Most of us will never win a Pulitzer Prize, the lottery or the World Tennis Championship. Most of us are ordinary folks who have some strengths, a lot of weaknesses and just feel grateful if we can get out of bed in the morning.
However, there is a time in every person’s life when he or she can be a champion. And that is why we have county fairs.
People who are not in the habit of competing in a NASCAR race could do pretty well in the pickle competition at the county fair. Or they may enter their favorite marigold, which is a winner in their eyes. Or perhaps they have sewn a nice potholder during the year, knitted some socks or canned some jelly. It is time to dig those hidden talents out of the garden or pantry and head down to your local county fair and just see how you match up against all those other would-be champions in the open class contests.
I myself have been a regular open class county fair exhibitor for many years. I have entered zucchini, tomatoes, rhubarb, flowers of all types and bread; oh yes, let me tell you about my bread.
And I have on occasion won a few ribbons. I have a rack in my bathroom on which I have hung many of those ribbons. It is a good place to sit and meditate on those days when I’m feeling rather punky and wondering if I have ever done any good at all in my life.
I am proud of my fair ribbons, because they represent some of my better efforts at gardening and cooking, two of my favorite hobbies. Although, I must admit, the only best of show ribbon I ever won was for my rhubarb, and when I think about it, rhubarb grows like a weed without any help from me, which makes me wonder: Is my best accomplishment something that just grew by accident? No matter. A ribbon is a ribbon, and a best of show ribbon is nothing to sniff about.
But getting back to my bread. I learned to bake bread when I was about 6 years old, helping Auntie Alma cook for our hay crews. Auntie Alma’s theme for cooking for big crews was: No matter how little or much you have of anything else, make sure you always prepare enough potatoes and gravy and bread, and that will keep everyone happy.
I have been baking bread ever since. My speciality is sourdough, and my current starter is about 18 years old (I unfortunately murdered a much older starter a friend gave me in the 1980s — something I still regret).
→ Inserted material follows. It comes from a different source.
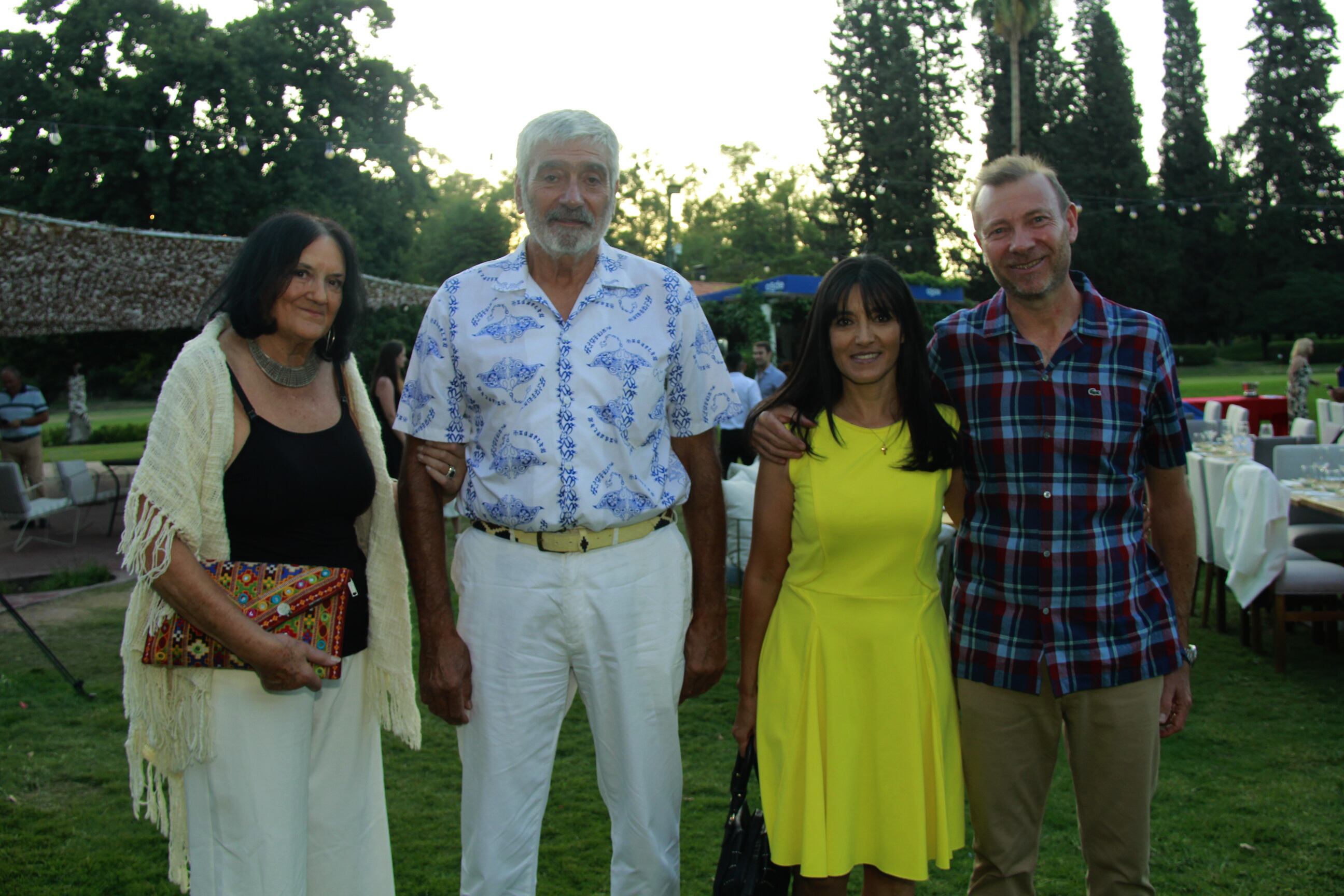 Delia Ahumada, Pedro Villanueva, Claudia Ledesma y Marcelo Gil.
And for several years I won blue ribbons and the Idaho County Wheat Growers award at the Idaho County Fair for my sourdough bread.
Then, like a dummy, I bragged about it in this column. Which only served to inspire other bread bakers to compete against me. Which upped the stakes and caused me to lose out to other great bread bakers.
This year I stayed mum — until the fair was over, which it was a couple weeks ago, after I won another blue ribbon and the Idaho County Wheat Growers award.
And that leads me to the moral of this story: Get out there and help make your county fair great. But choose your battles.